You can't imagine that a housing officer who talked about their minority clients like that would last very long in post, can you ? I think it's a pretty honest description of the UK underclass. On another thread she'd have been a hideous right-winger, blaming the victims of capitalism, the poorest and most vulnerable etc etc - here she was a heroine sticking up for the New Brits against the disgusting Old Brits.
"Any road up" ... with immaculate timing, even
Gordon Brown managed to imply this year that he would "
change the current rules for allocating council and other social housing, enabling local authorities to give more priority to local people and those who have spent a long time on a waiting list" - much to the
horror of lefties everywhere. Shades of 'British Jobs For British Workers'.
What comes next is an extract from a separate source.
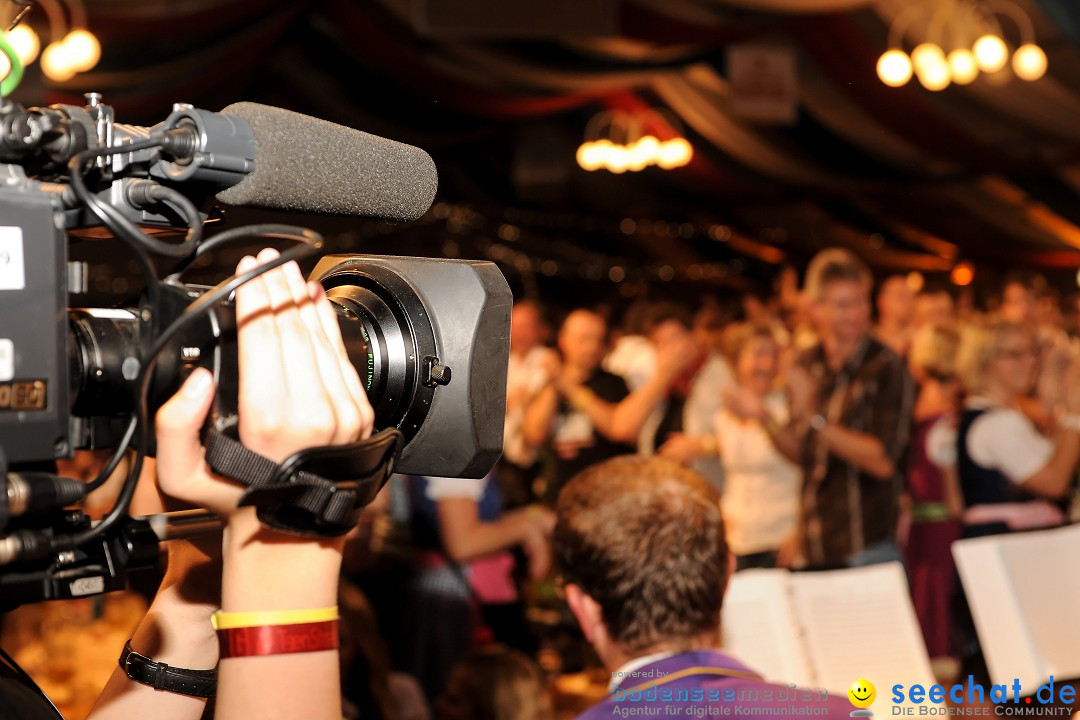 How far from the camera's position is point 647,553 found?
1364 mm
And then at last over the hill
came the cavalry - in the form of Trevor Phillips' shiny new
Equality and Human Rights Commission.
The allegation that new migrants are jumping the queue for council housing and housing association homes was nailed as a myth by research recently published by the Equality and Human Rights Commission.
Phew ! That's sorted that one. From now on, anyone raising the issue can be slapped with the research. Only trouble is, their
stats are crap.
… The claim of a report published 7th July by the Equality & Human Rights Commission (EHRC) - to have demonstrated that there is ‘no bias in allocation of social housing to immigrants’ - has been shown to be baseless by independent academic analysis. According to a leading statistical analyst, Professor Mervyn Stone of University College London, the figures that EHRC has disseminated as if they were evidence for the claim are of zero inferential value.
The report therefore constitutes a serious betrayal of the public interest that whatever is the truth of the matter should be established scientifically. In consequence, Civitas has made a formal complaint to the UK Statistics Authority asking it to appraise the reliability of the statistical methods used by the report and the statistical reasoning that underlies its claims.
As Civitas put it :
“A democracy relies on the honesty of official statistics so that our differences can be settled by peaceful debate, but the EHRC report on social housing fails the most fundamental tests”
The report, by Professor Mervyn Stone, is
here (pdf).
So we're paying to be lied to - the lies being in the service of a greater good - maintaining social cohesion and combatting the far-right. Admittedly that's the kind of thing we also get from, say, 'Manchester academics', who are also tax-funded, but the EHRC are far more directly an organ of government.
Sadly, this kind of tax-funded distortion may depress, but no longer shocks - which is in one sense the most worrying thing of all.